The flexibility of WordPress can be used to create powerful static websites as well, without using external applications such as Dreamweaver. Faculty can use WordPress as a quick way to create a homepage to publish information about their scholarship, teaching, publications, etc. In the Settings>Reading submenu, you can elect to display a static page rather than blog posts at the front of your blog.

6. News

Blogging is a popular way of sorting and sharing links from news sites with students, and carving out a unique space for your course to discuss current events.

7. Collaboration

WordPress offers an excellent platform for creating virtual meeting spaces for completing group projects, and makes collaboration easier. There are many examples of using blogs as such a space, where multiple users can quickly share with one another.

8. Publications

Blogs reduce some of the technical and monetary challenges to creating high-quality online journals, magazines, zines, and numerous other publications. Classes, for example, could create an online journal the present their work to the public.

9. Multimedia

People can easily share their personal multimedia, such as audio and video, by using WordPress plugins like the Anarchy Media Player or WordTube.

10. Presentations

Given how attractive a blog can be, and all the features it affords you —why not use it to create a presentation for a conference that can serve at the same time as a resource for references, ideas, and concepts long after the presentation is over?

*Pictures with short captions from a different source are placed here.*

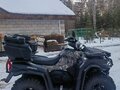 2021 CFMoto CFORCE 600 S EPS, бежевый, 750000 рублей - вид 2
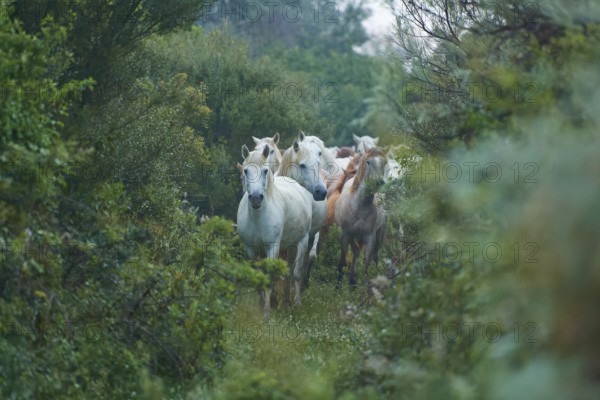 A herd of white Camargue horses runs through the dense forest, surrounded by lush green foliage, the atmosphere is calm and close to nature, Camargue, France, Europe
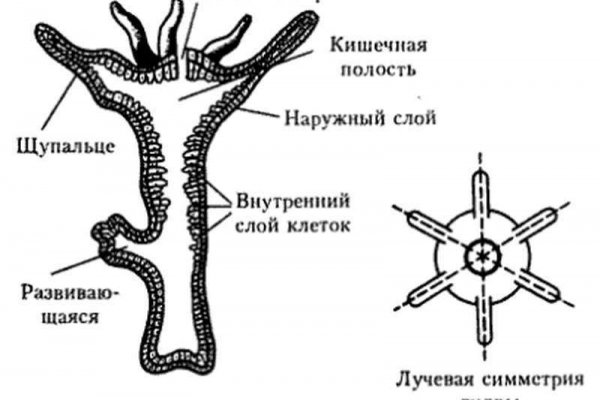 Кракен даркет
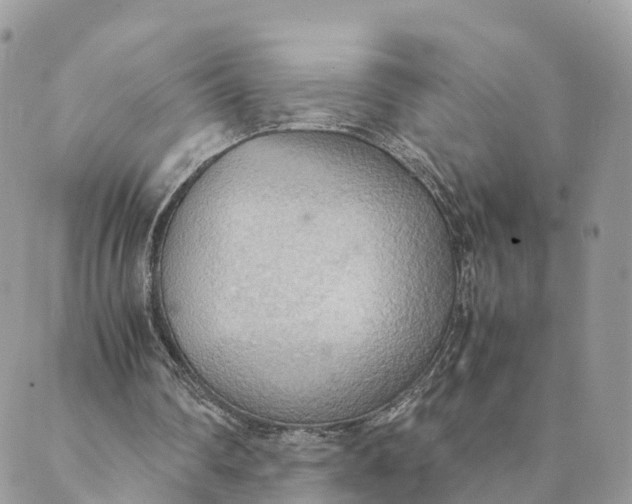 X0000089370290200707061121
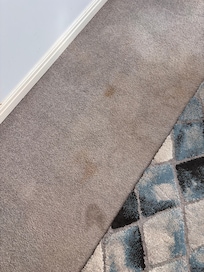 Stained old carpets.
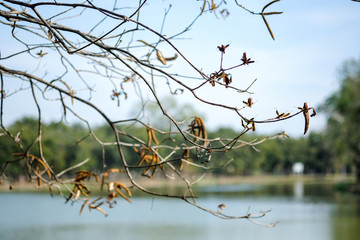 Leaves and natural branches
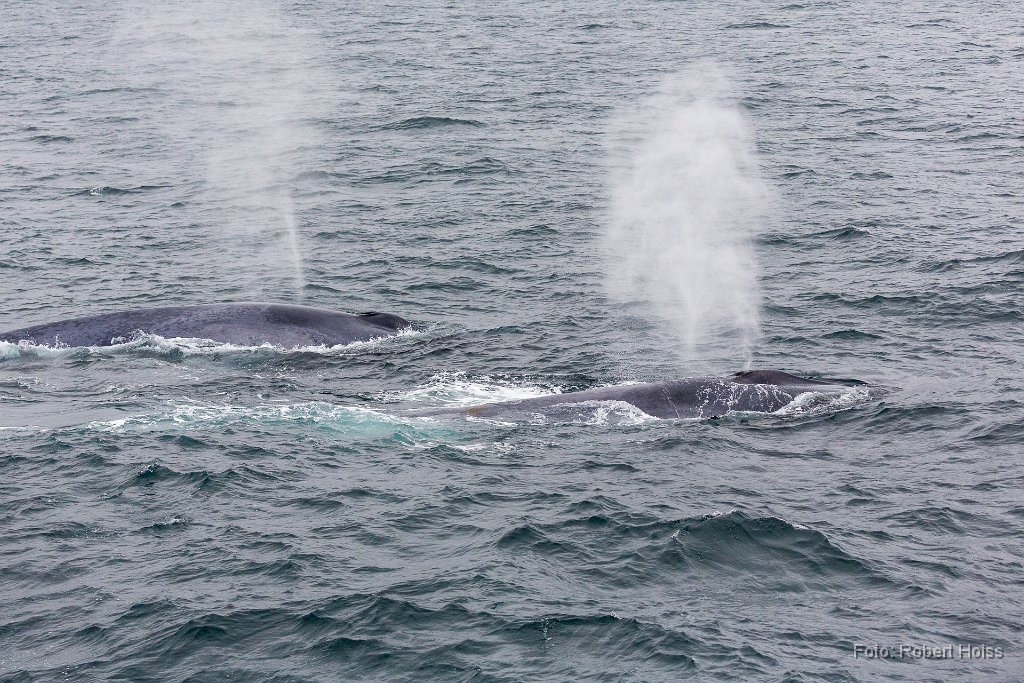 2016-06-30_53_Spitzbergen_Blauwale_7045_RH.jpg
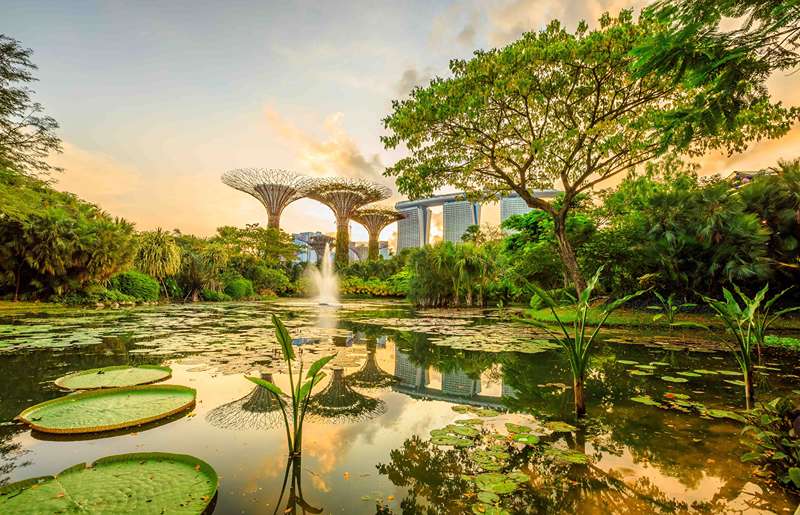 باغ های خلیج، منبع عکس: singapore-tickets، عکاس: نامشخص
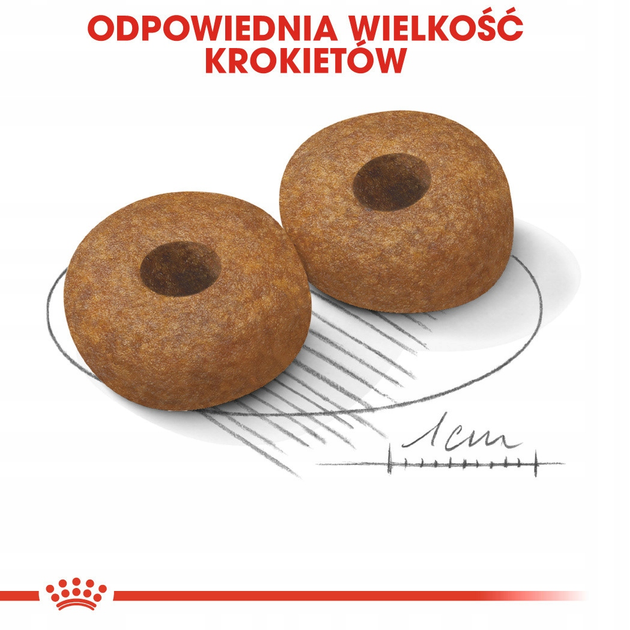 Sucha karma dla psów Royal Canin Medium Ageing 10+ 15kg (3182550802758) - obraz 4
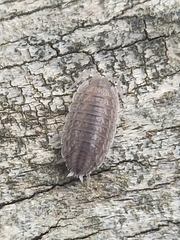 Proporcellio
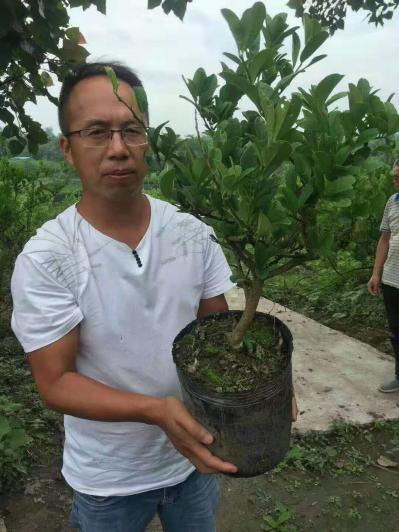 各种中药材种植，川佛手种苗，经济观光林木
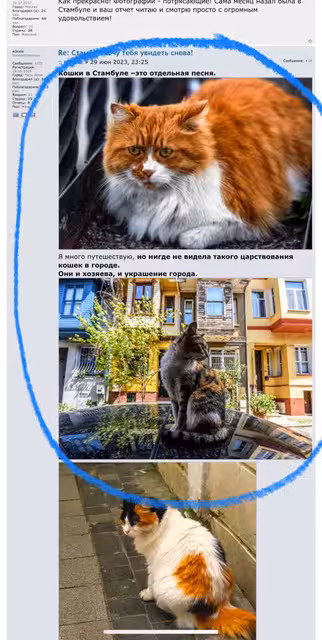Стамбул-хочу тебя увидеть снова!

Suggestions for Online Writing Assignments

Course weblogs present opportunities and challenges in writing instruction. An instructor must answer a few fundamental questions before assigning online writing.

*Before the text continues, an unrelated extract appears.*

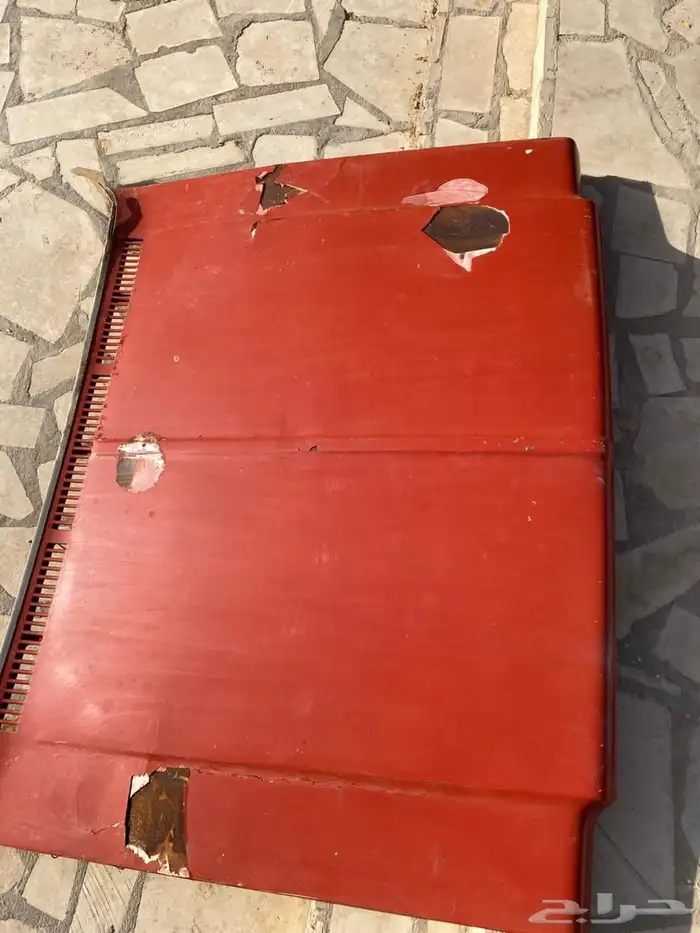 كبوت   شد 2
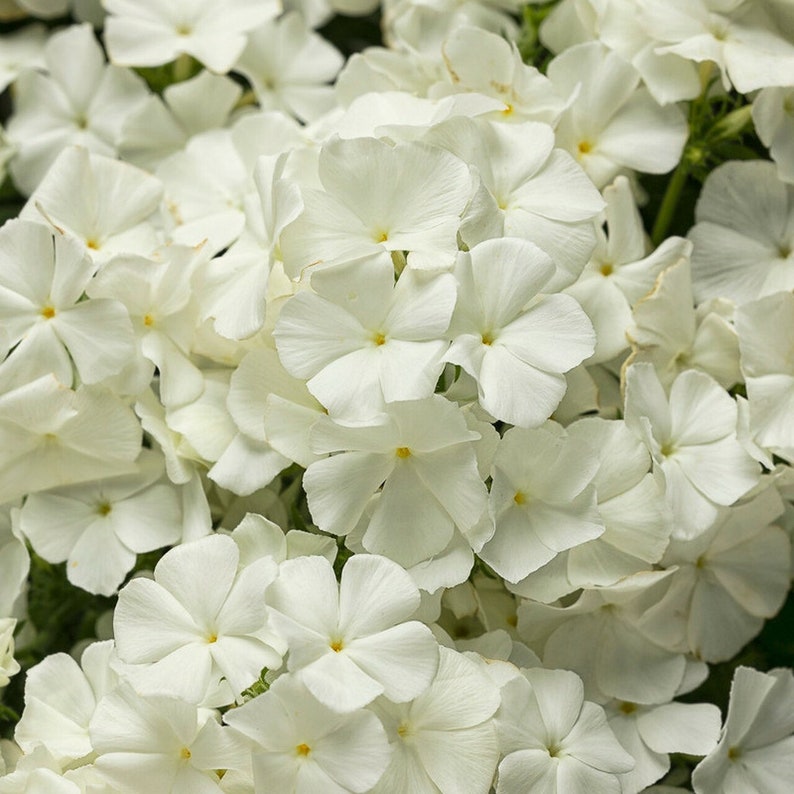 Heirloom Drummondii Flower Seeds, Non-GMO Colorful Annual Blooms for Garden Planting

  • How does this assignment fit within the context of the overarching writing/critical thinking/communication goals of my course?
  • How will this assignment be assessed?
  • Who is the audience for this assignment? Are students writing for their professor? For each other? For a broader audience accessible via the web?
  • If students are writing for one another, what strategies can I use to get them to actually read and respond to each others’ posts?
  • What kind of options will I give students who are reticent about their writing appearing in a public space, with their names attached?

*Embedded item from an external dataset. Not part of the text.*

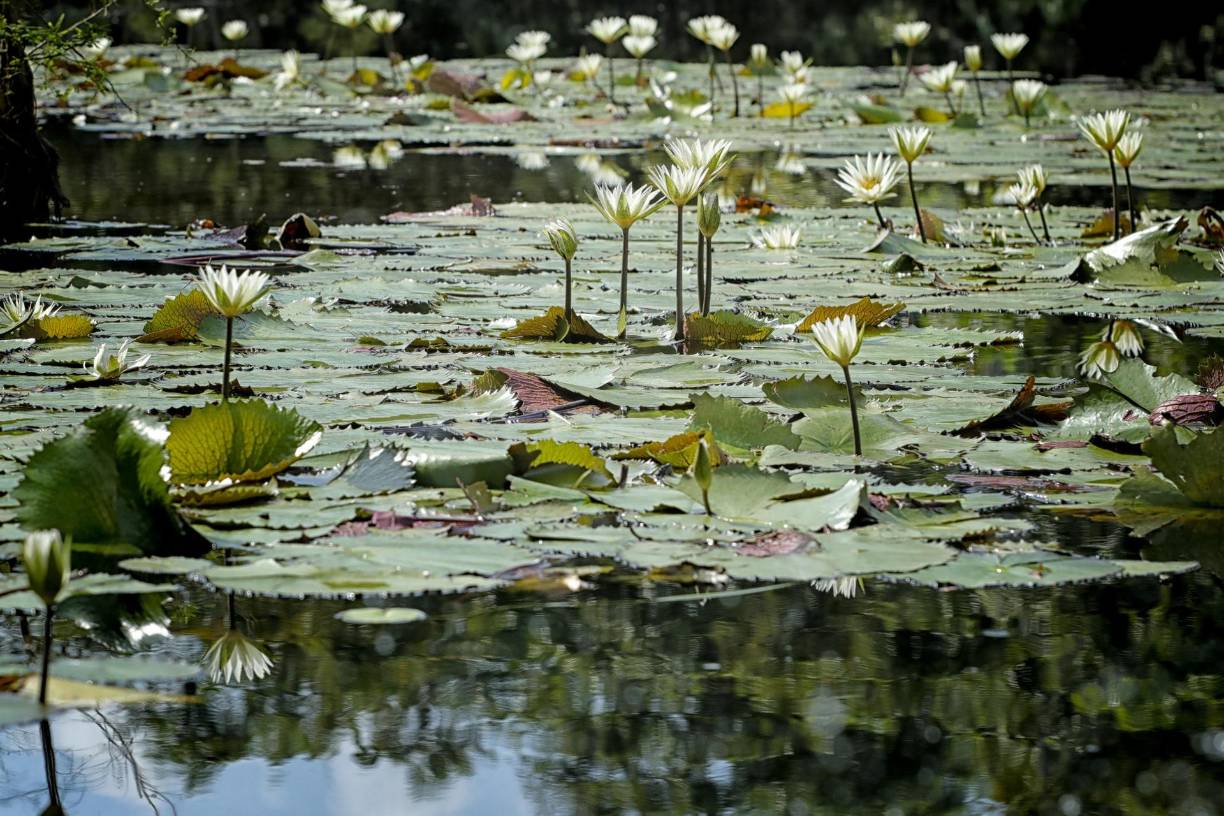 Gran cantidad de flores yacen sobre los humedales del Rio Ribra.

Here are some suggestions:

Low Stakes Writing Assignments

  • Write what you know: early in the semester, give students the opportunity to get comfortable writing in the context of your course with a short assignment in their comfort zone. Have them write an ungraded profile of themselves as a writer or as a student.
  • Scaffolding: have students gradually build the elements of a research paper on the blog over the course of the semester. Post 1 could be a list of potential topics; post 2, 2-3 primary sources on a chosen topic; post 3, a research proposal; post 4, a progress report; post 5, a draft of a section of the paper. The benefit of having students do this on a blog is that you can put them into peer editing groups (in Cheryl Smith’s English 2100 class this was done using Categories that each group-member assigned to their particular post. A group could easily sort the class blog posts by clicking on their group Category, effectively reducing the amount of reading required of each student and creating smaller communities within the classroom. Another benefit is that all of this thinking is gathered and preserved in one online space.
  • Journals: have every student register for their own blog where they keep a journal of their reactions to class material. Feeds from the individual journals can be aggregated into a unique page, making it easy for members of the class to check in across the journals. Online journals can be used to work out ideas for high-stakes writing assignments, or as a repository for reactions to class material that would be particularly useful as students prepare for exams.
  • Embed and Analyze: have students post a YouTube video, an image, or a link to another online resource, and analyze it in relationship to course content.